Background: CDKL3 has been associated with the prognosis of several tumors. However, the potential role of CDKL3 in immunotherapy and the tumor microenvironment (TME) in esophageal carcinoma (ESCA) remains unclear.

Methods: In this study, Cox regression analysis was used to assess the predictive value of CDKL3 for ESCA outcomes. We systematically correlated CDKL3 with immunological features in the TME. The role of CDKL3 in predicting the efficacy of immunotherapy was also analyzed. Correlation analysis, Cox analysis and LASSO Cox regression were used to construct the CDKL3-related autophagy (CrA) risk score model. The relationship between CDKL3 expression and postoperative pathological complete response (pCR) rate in esophageal squamous cell carcinoma (ESCC) patients undergoing neoadjuvant chemoradiotherapy (nCRT) was evaluated using Immunohistochemical staining (IHC). The relationship between CDKL3 expression and autophagy induction was confirmed by immunofluorescence staining and western blot, and the effect of CDKL3 expression on macrophage polarization was verified by flow cytometry.

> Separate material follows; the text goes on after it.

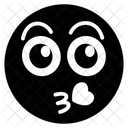Love Kiss Emoji Love Kiss Expression Emotag Icon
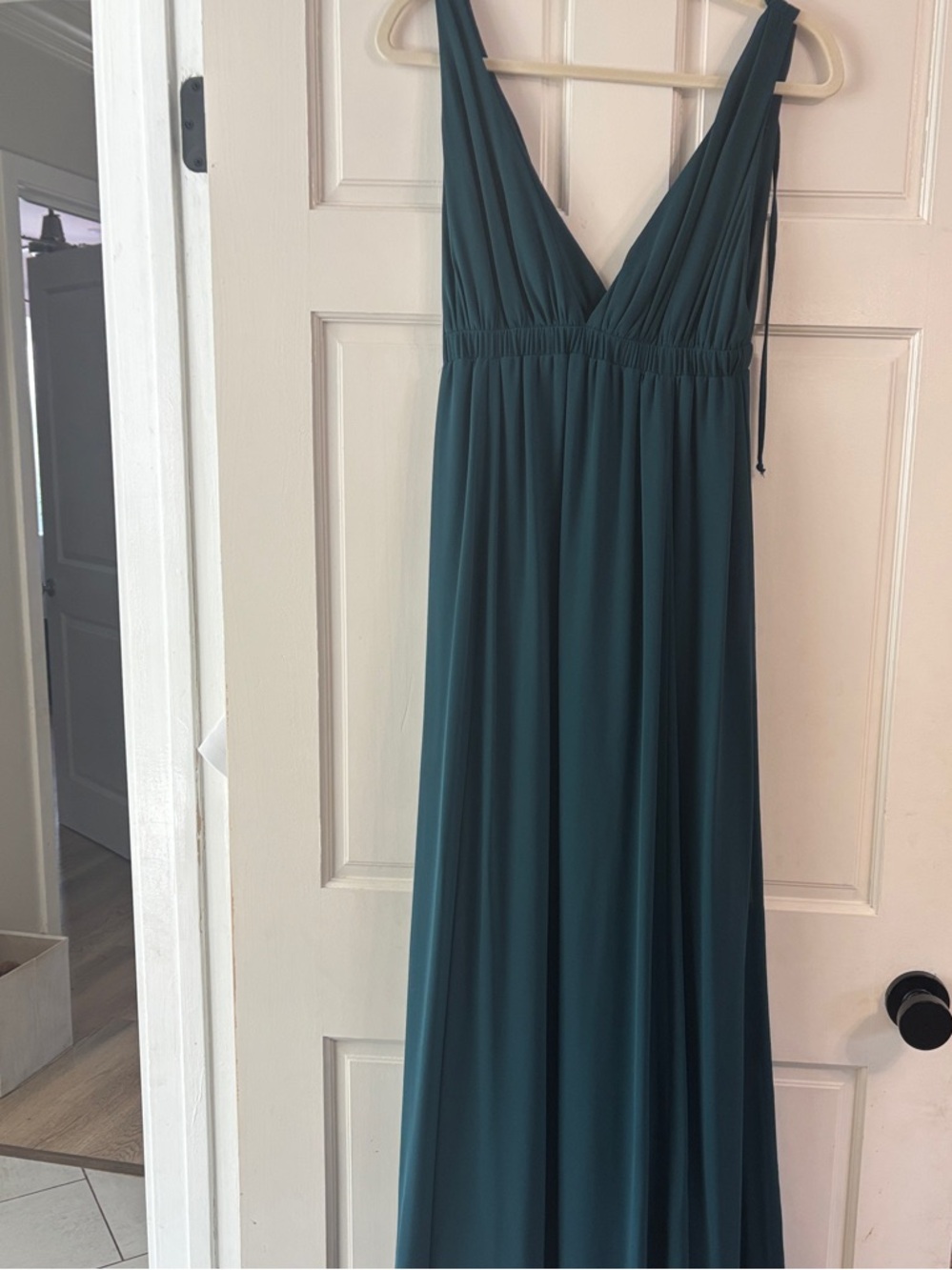 Show Me Your MuMu Teal V-Neck Maxi Dress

Results: High expression of CDKL3 was found in ESCA and was associated with poor prognosis in ESCA. Moreover, CDKL3 expression was negatively correlated with tumor-infiltrating immune cells (TIICs), the integrality of the cancer immunity cycles, and anti-tumor signatures, while CDKL3 expression was positively correlated with suppressive TME-related chemokines and receptors, immune hyperprogressive genes, and suppressive immune checkpoint, resulting in immunosuppressive TME formation in ESCA. An analysis of immunotherapy cohorts of the ESCA and pan-cancer showed a better response to immunotherapy in tumor patients with lower CDKL3 levels. The CrA risk score model was constructed and validated to accurately predict the prognosis of ESCA. Notably, the CrA risk score of ESCA patients was significantly positively correlated with M2 macrophages. Furthermore, knockdown CDKL3 in KYSE150 cells could inhibit autophagy induction and M2 macrophage polarization. And, radiation could downregulate CDKL3 expression and autophagy induction, while ESCC patients with high CDKL3 expression had a significantly lower response rate after nCRT than those with low CDKL3 expression.

Conclusion: CDKL3 may play an important role in anti-tumor immunity by regulating autophagy to promote the formation of immunosuppressive TME, thus playing a critical role in the prognosis of ESCA.

Keywords: autophagy; esophageal carcinoma; macrophage polarization; prognosis; tumor microenvironment.

Publication types

Research Support, Non-U.S. Gov't

MeSH terms

Autophagy
Blotting, Western
Esophageal Neoplasms* / genetics
Esophageal Squamous Cell Carcinoma*
Humans
Immunosuppressive Agents
Protein Serine-Threonine Kinases / genetics
Tumor Microenvironment

Substances

Immunosuppressive Agents
CDKL3 protein, human
Protein Serine-Threonine Kinases

Grants and funding

The author(s) declare financial support was received for the research, authorship, and/or publication of this article. This study was supported by National Natural Science Foundation of China (NSFC 81872458), and Natural Science Foundation of Shaanxi Province (2023-JC-YB-645), and Xi’an Health Commission (2022ms11).